What to Provide for Mortgage Pre Approval


If you’re in the market for a home, particularly your first one, it’s advisable to meet with a mortgage lender at the beginning of the process. Having a mortgage pre approval letter from a lender will save time for you, your agent and the seller. What do you need to provide the lender to get a pre approval? Here’s a guide.


What is mortgage pre approval?

Sellers and agents like knowing that a home shopper can put their money where their mouth is. Getting a mortgage pre approval letter shows that you are a serious buyer with the financial wherewithal to move forward on a purchase.


People often confuse pre qualification with pre approval. Both involve talking to a mortgage lender, but with pre qualification, the lender’s review of your financial status is more cursory. If you’re after a pre approval letter, the lender will undertake a much more detailed analysis.

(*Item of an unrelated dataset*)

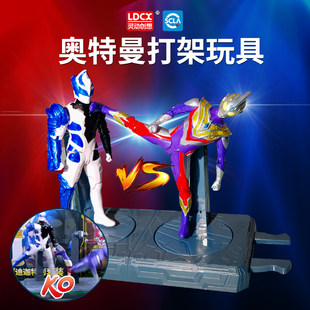 灵动创想奥特曼掌上擂台儿童玩具怪兽对战欧布伽古拉斯互动玩法男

That means you’ll have to provide a significant amount of documentation of your financial status.


What to provide to the lender

  • The lender will want to know your income in order to calculate your debt-to-income ratio, otherwise known as the front-end ratio. To determine yours, the mortgage company will divide a potential house payment by your monthly income. This ratio should be no higher than 28 percent. To show your income, you’ll be asked to provide W-2 forms for the last two years, a pay statement for the most recent month, and two years of tax returns. If you are self-employed the lender will want additional documents, including an Internal Revenue Service form known as Schedule K. If you’ll need income from you and your spouse to qualify for a mortgage, you should provide documentation for both of you.

  • To show the lender that you are financially stable and have ongoing means to pay back your mortgage loan, you’ll need to provide documentation of your employment. You’ll also be asked for a list of your current payment obligations. The lender will combine these payments with a potential house payment and compare them to your income. This number is known as the back-end ratio and should not exceed 36 percent of your income.

  • For mortgage pre approval, you’ll need to supply bank and investment statements for at least three months. The lender wants this proof of financial assets to determine whether you have ample down payment money and liquidity for the purchase and beyond.

  • The lender will want written permission to pull your credit report because your payment history plays a huge role in whether you’ll be approved for a loan and what sort of loan terms the lender will offer you. You can check your credit report yourself to know where you stand; everyone is entitled to one free credit history report per year.

  • Finally, you will provide various other documents, such as your driver’s license and Social Security card.

After the approval


Once pre approved, you will receive an official letter from the lender that you can show your agent and sellers. It is usually good for six months, which gives you time to shop. During this time period, don’t change your credit profile by taking out new debt or making late payments.


Keep in mind that pre approval is not final approval. When you put a contract on a house, the lender will require further documentation and will undertake further analysis before approving you for the specific loan you need.

You are not obligated to borrow from the lender who provided the mortgage pre approval letter if you find better terms elsewhere.